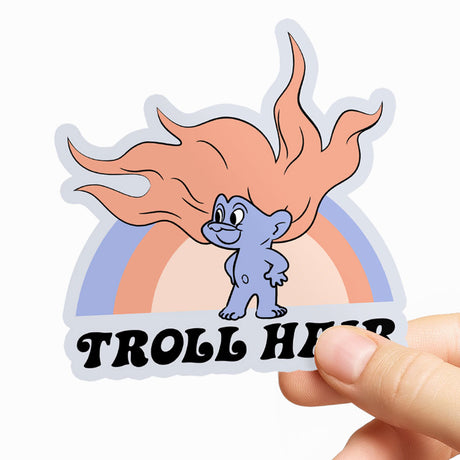 Troll Hair Sticker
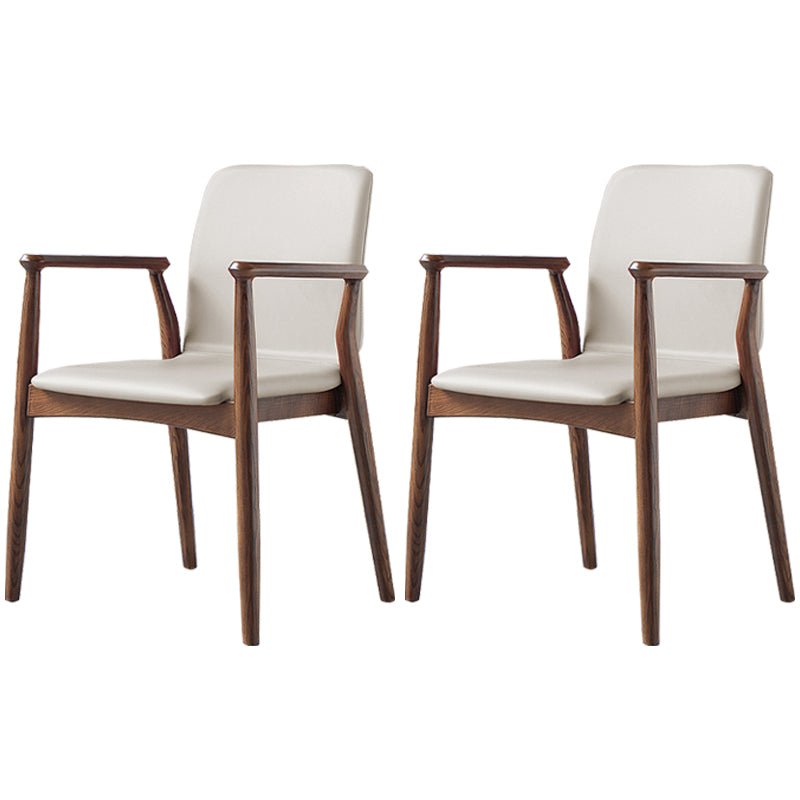 Contemporary Solid Back Kitchen Dining Arm Chair Solid Wood Dining Arm Chair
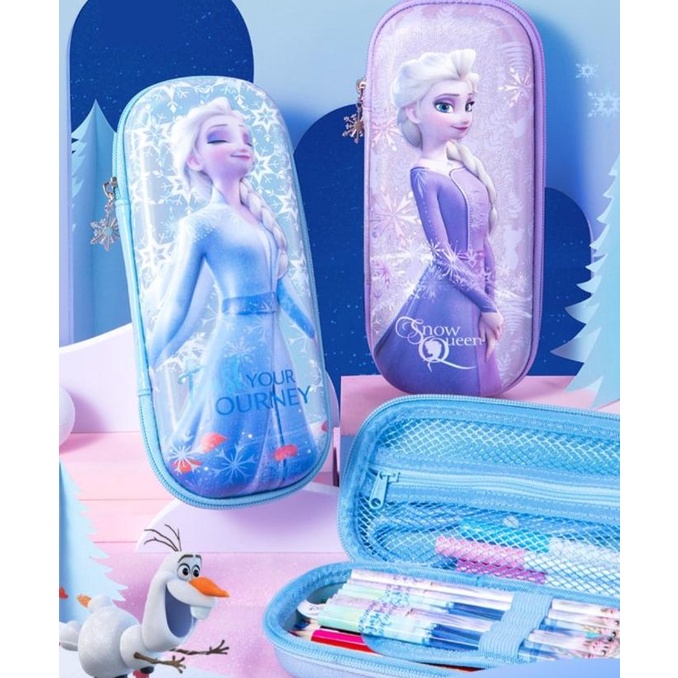 

3D Kotak Pensil EVA Hard Case Waterproof Anak Perempuan Frozen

-*-*-

» What the exercise asks
Line by line, write out the data above exactly, without the pictures.

» Your response
 Troll Hair Sticker
 Contemporary Solid Back Kitchen Dining Arm Chair Solid Wood Dining Arm Chair

3D Kotak Pensil EVA Hard Case Waterproof Anak Perempuan Frozen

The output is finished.